Through all of these overwhelming questions, someone who has never watched The Leftovers might think the show is nihilistic or disturbing. Yes, there are plenty of nauseating, butterflies-in-the-stomach moments throughout the 28 episodes, but what makes the series one-of-one is how heart-achingly beautiful the takeaways are. Lindelof and his team pry the shiniest gleam of optimism from the most daunting situations. Through the commitment of the underrated cast and writers, fans will finish the series finale with a born-again purpose and a poignant perspective on being alive. 

Instead of ending each character’s story with a concrete conclusion plot-wise, the show resolves much of the innate emotional turmoil that pollutes everyone’s lives regardless of their outcome. The protagonists come to grips with their personal demons by gleaning their own answers from the Sudden Departure’s wrath.

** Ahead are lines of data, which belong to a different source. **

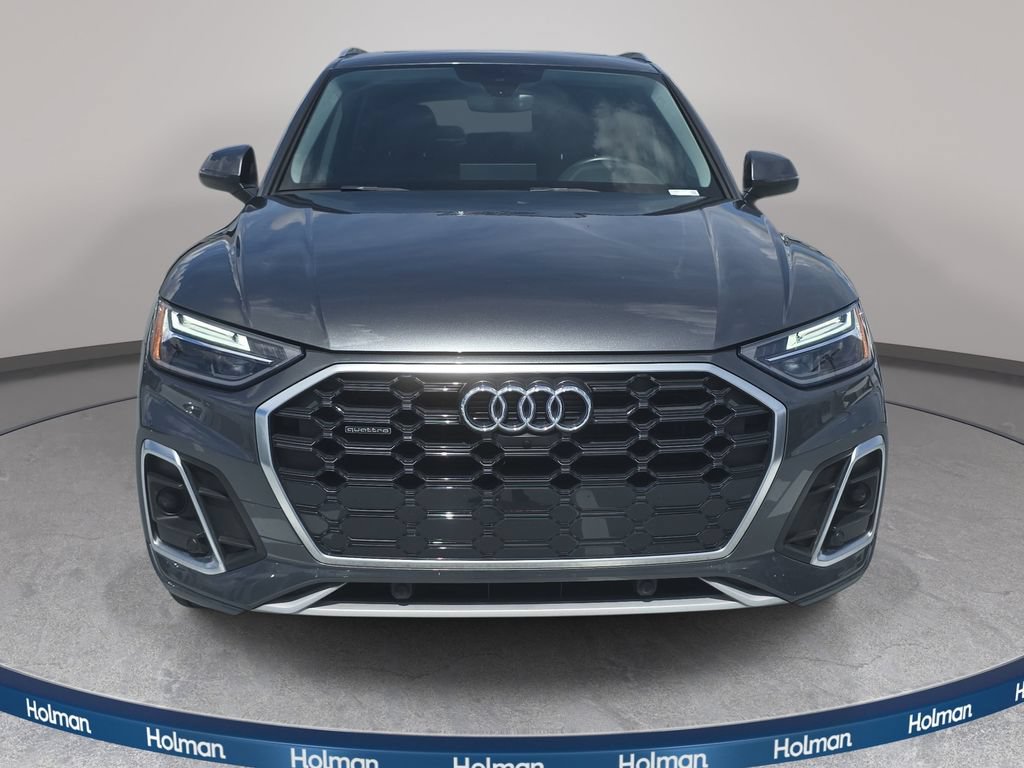 Used 2023 Audi Q5 2.0T Premium Plus w/ Premium Plus Package AWD/4WD image 3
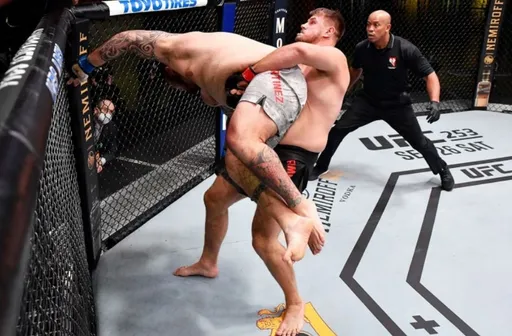 Александр Романов выбыл из боя с Илиром Латифи на UFC Fight Night 201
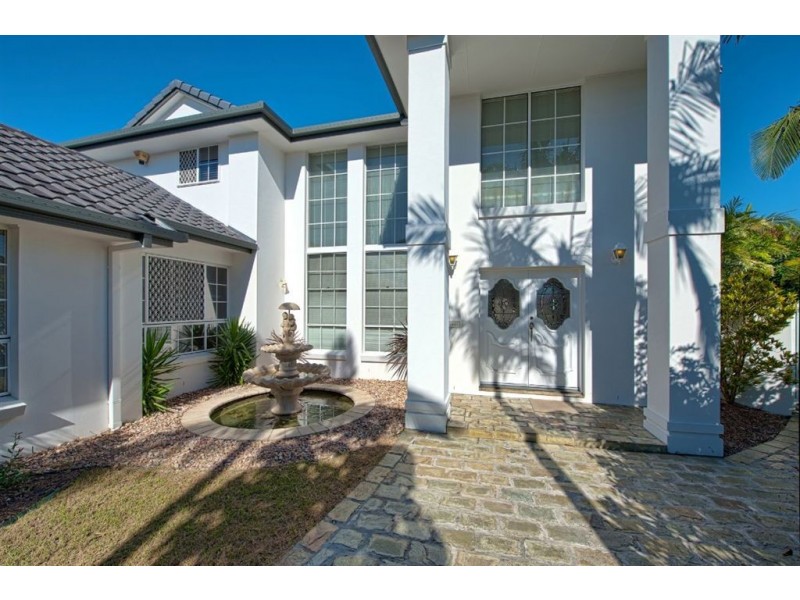 1 Cayman Drive, Clear Island Waters QLD 4226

They mold this new world like clay and take control of their existence. Kevin, Nora, and Laurie mourn the past, but they no longer obsess over it. 

The Leftovers ultimately is a requiem for the beauty in the unknown. It reminds viewers that the purpose of the human experience isn’t to know the why or how, but to revel in the emotion of the now. Just as the second season title song so eloquently sings, “let the mystery be.” 

All three seasons of The Leftovers are available to stream on Max in the U.S. and Sky and Now in the U.K.